As Dave Vellante and George Gilbert reported during “Data Week” last week, this will be a boon to developers who can use Snowflake’s Snowpark to containerize precompiled functions and algorithms that run local over historic data and streaming operational data aggregated in Snowflake. These “data apps” benefit from reasoning directly over the data lake, with common security and governance. In essence, Snowflake is reviving old database techniques (e.g., stored procedures; user-defined functions; and create, read, update and delete or CRUD events) for its data cloud to drive local processing and increase its utility as a data platform.
Although all this cloud-based data processing won’t come cheap, it does represent a leap in the scope, ease and performance of traditional Online Analytics Processing, allowing deep insights to be extracted in real time, which can then drive recommendations and dashboards, as well as trigger notifications and actions to external people and systems.
The industry has come full circle. Enterprise data once centralized in the mainframe, then fragmented by distributed systems, the internet and now the edge, is being aggregated and disambiguated in the cloud with near infinite compute and storage capacity and high-speed networking. It presents a powerful new data backplane for all applications.
Snowflake, along with its competitors, are all now looking up to the application layer. The application layer is the strategic high ground because it’s where data can optimize business automation and user experiences.

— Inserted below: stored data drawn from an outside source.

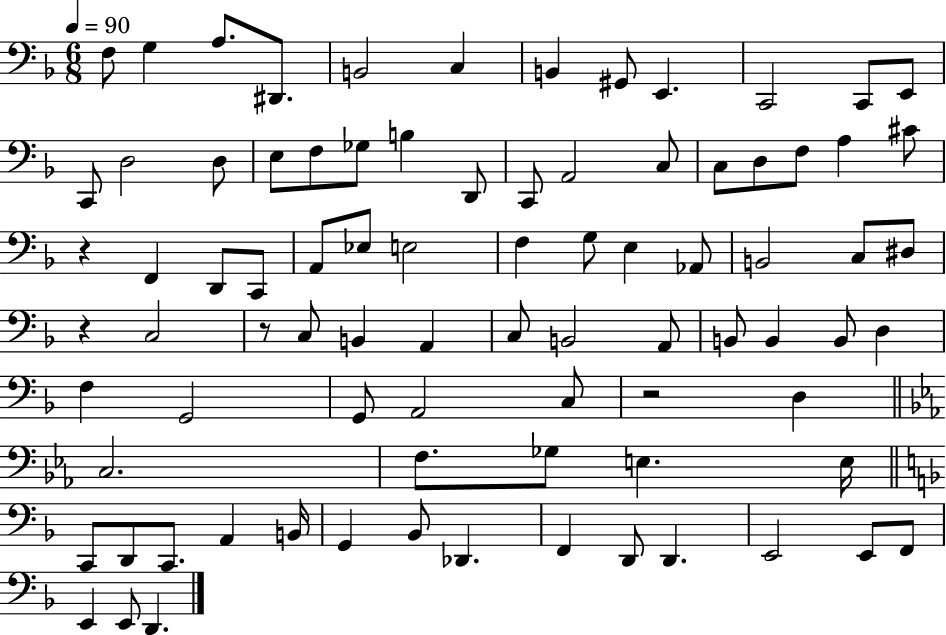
{
  \clef bass
  \numericTimeSignature
  \time 6/8
  \key f \major
  \tempo 4 = 90
  f8 g4 a8. dis,8. | b,2 c4 | b,4 gis,8 e,4. | c,2 c,8 e,8 | \break c,8 d2 d8 | e8 f8 ges8 b4 d,8 | c,8 a,2 c8 | c8 d8 f8 a4 cis'8 | \break r4 f,4 d,8 c,8 | a,8 ees8 e2 | f4 g8 e4 aes,8 | b,2 c8 dis8 | \break r4 c2 | r8 c8 b,4 a,4 | c8 b,2 a,8 | b,8 b,4 b,8 d4 | \break f4 g,2 | g,8 a,2 c8 | r2 d4 | \bar "||" \break \key c \minor c2. | f8. ges8 e4. e16 | \bar "||" \break \key f \major c,8 d,8 c,8. a,4 b,16 | g,4 bes,8 des,4. | f,4 d,8 d,4. | e,2 e,8 f,8 | \break e,4 e,8 d,4. | \bar "|."
}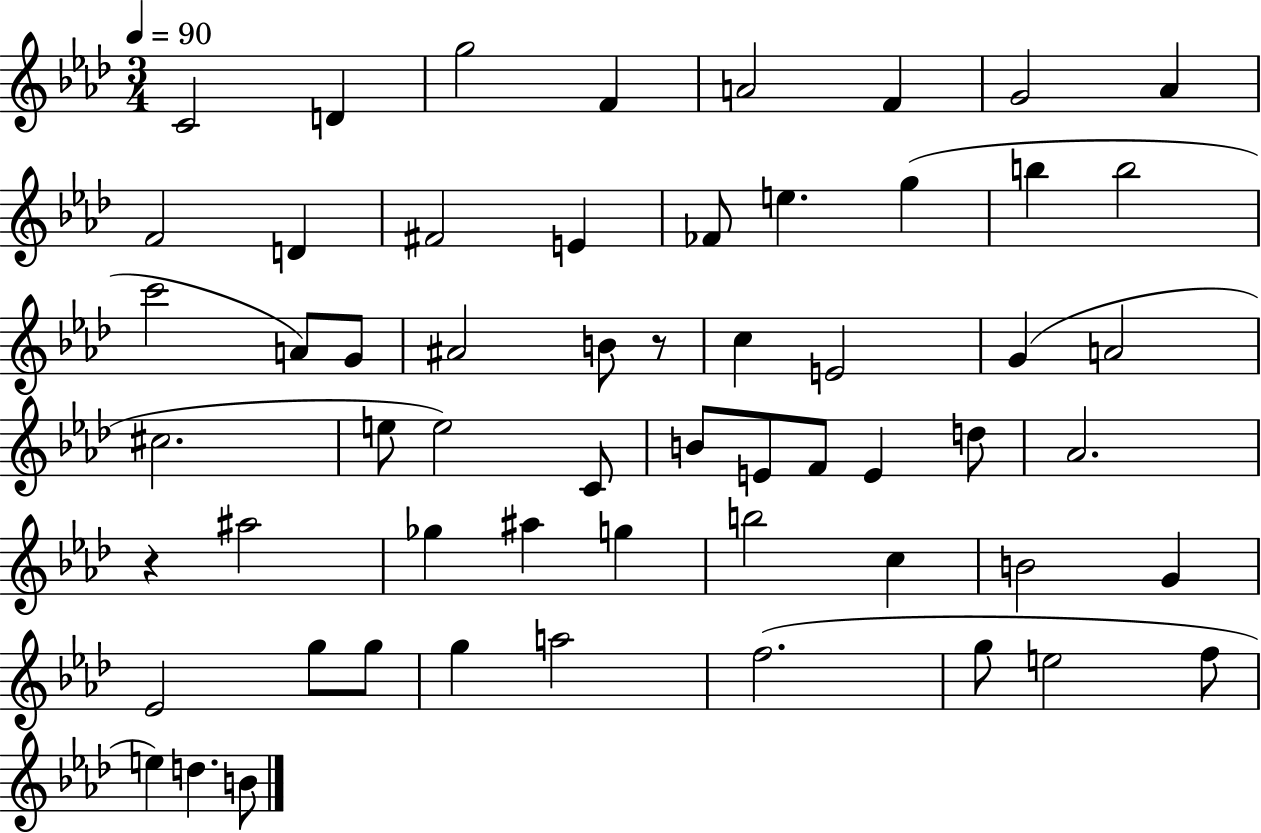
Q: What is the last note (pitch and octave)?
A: B4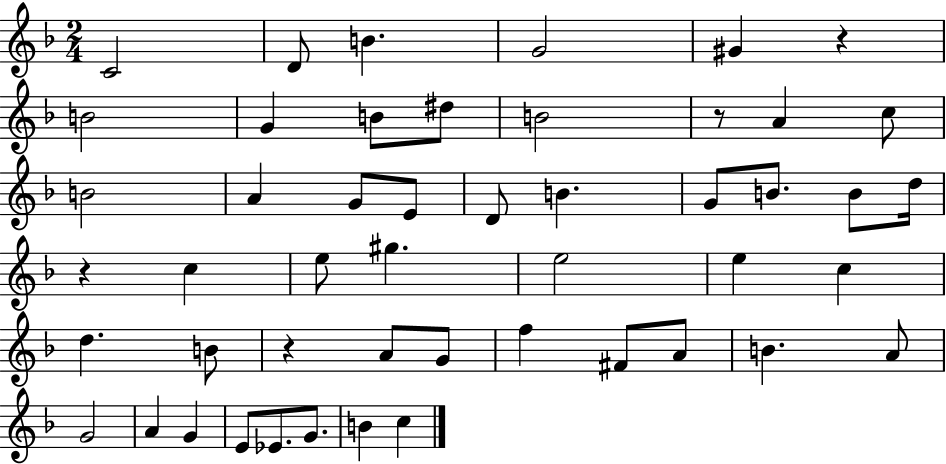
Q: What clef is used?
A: treble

To the application layer and beyond!
It’s still up to developers to exploit business intelligence in web and mobile applications, as well as their more complex business applications and operational processes. Snowflake’s containers and data app store are interesting, but it’s not a programming model or development platform for software engineers.
Rather than having to discover and manually integrate purpose-specific data apps from an app store, it would be ideal if developers could programmatically configure a data lake provider’s native data service (e.g., LLMs, AI/ML, graph, time-series, cost and location-based analytics) directly from their application domain so they can precisely tune queries, functions, algorithms and analytics for their use cases.

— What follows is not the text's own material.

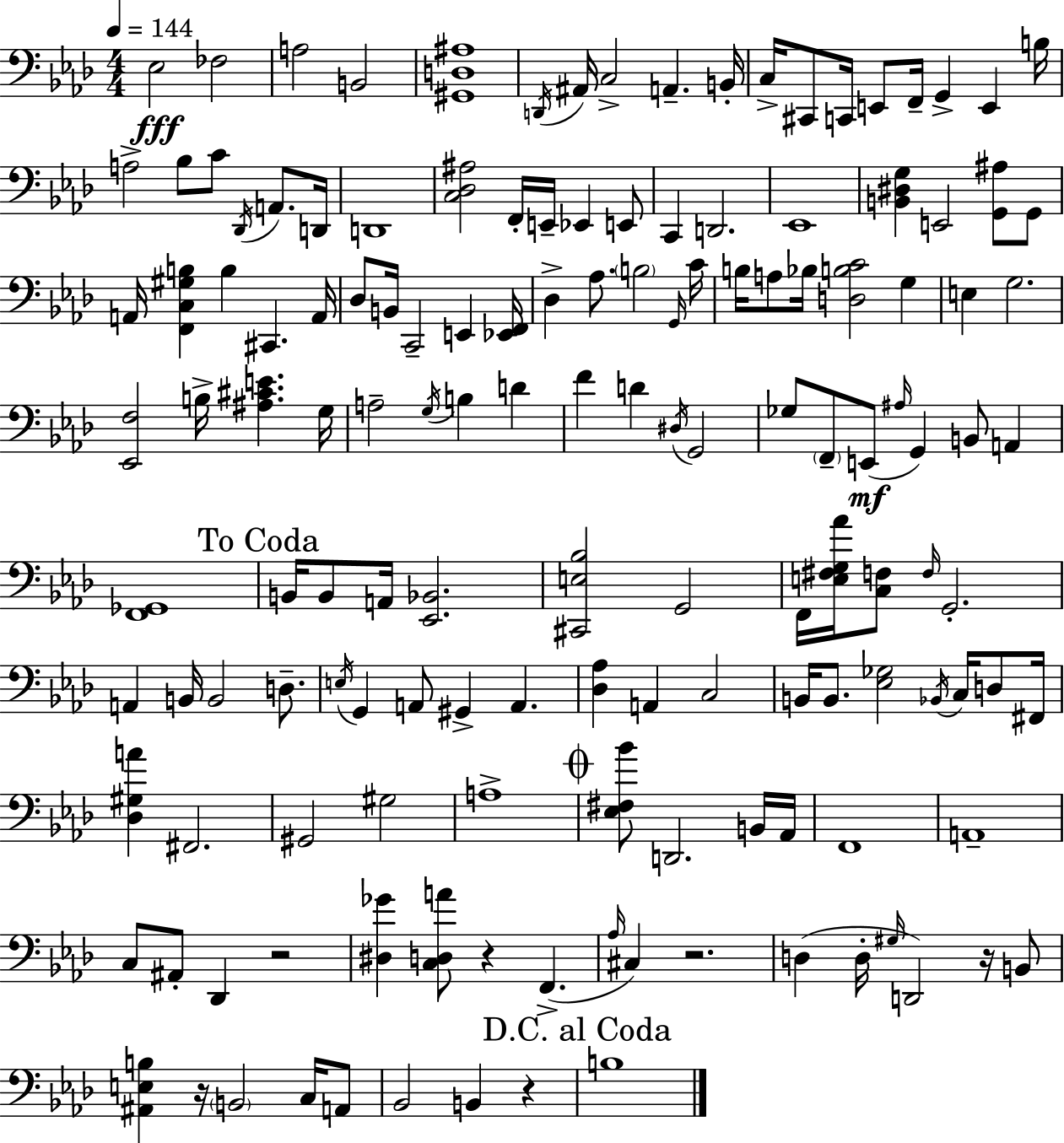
Eb3/h FES3/h A3/h B2/h [G#2,D3,A#3]/w D2/s A#2/s C3/h A2/q. B2/s C3/s C#2/e C2/s E2/e F2/s G2/q E2/q B3/s A3/h Bb3/e C4/e Db2/s A2/e. D2/s D2/w [C3,Db3,A#3]/h F2/s E2/s Eb2/q E2/e C2/q D2/h. Eb2/w [B2,D#3,G3]/q E2/h [G2,A#3]/e G2/e A2/s [F2,C3,G#3,B3]/q B3/q C#2/q. A2/s Db3/e B2/s C2/h E2/q [Eb2,F2]/s Db3/q Ab3/e. B3/h G2/s C4/s B3/s A3/e Bb3/s [D3,B3,C4]/h G3/q E3/q G3/h. [Eb2,F3]/h B3/s [A#3,C#4,E4]/q. G3/s A3/h G3/s B3/q D4/q F4/q D4/q D#3/s G2/h Gb3/e F2/e E2/e A#3/s G2/q B2/e A2/q [F2,Gb2]/w B2/s B2/e A2/s [Eb2,Bb2]/h. [C#2,E3,Bb3]/h G2/h F2/s [E3,F#3,G3,Ab4]/s [C3,F3]/e F3/s G2/h. A2/q B2/s B2/h D3/e. E3/s G2/q A2/e G#2/q A2/q. [Db3,Ab3]/q A2/q C3/h B2/s B2/e. [Eb3,Gb3]/h Bb2/s C3/s D3/e F#2/s [Db3,G#3,A4]/q F#2/h. G#2/h G#3/h A3/w [Eb3,F#3,Bb4]/e D2/h. B2/s Ab2/s F2/w A2/w C3/e A#2/e Db2/q R/h [D#3,Gb4]/q [C3,D3,A4]/e R/q F2/q. Ab3/s C#3/q R/h. D3/q D3/s G#3/s D2/h R/s B2/e [A#2,E3,B3]/q R/s B2/h C3/s A2/e Bb2/h B2/q R/q B3/w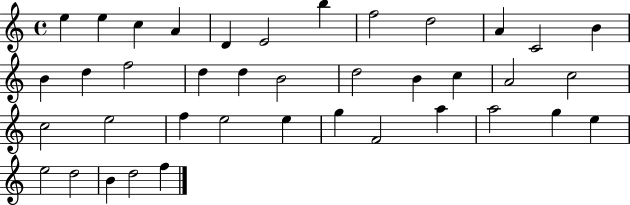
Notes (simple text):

E5/q E5/q C5/q A4/q D4/q E4/h B5/q F5/h D5/h A4/q C4/h B4/q B4/q D5/q F5/h D5/q D5/q B4/h D5/h B4/q C5/q A4/h C5/h C5/h E5/h F5/q E5/h E5/q G5/q F4/h A5/q A5/h G5/q E5/q E5/h D5/h B4/q D5/h F5/q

This is the best both worlds! It’s convenient developer access to a one-stop-shop of aggregated enterprise data — historic, real-time, batch, streaming, structured, semistructured and unstructured data — that reduces the “cost” of context so developers can efficiently exploit data for more intelligent solutions.
This proposal brings applications closer to data, while maintaining the separation of concerns and avoiding tight coupling. In this approach, a knowledge graph, representing relevant domain knowledge, provides an abstraction for composing data and behavior for real-time, data-driven applications.
Dave Duggal is founder and CEO of EnterpriseWeb LLC. The company offers a no-code integration and automation platform that’s built around a graph knowledge base. The graph provides shared domain semantics, metadata and state information to support discovery, composition, integration, orchestration, configuration and workflow automation. Duggal wrote this article for SiliconANGLE.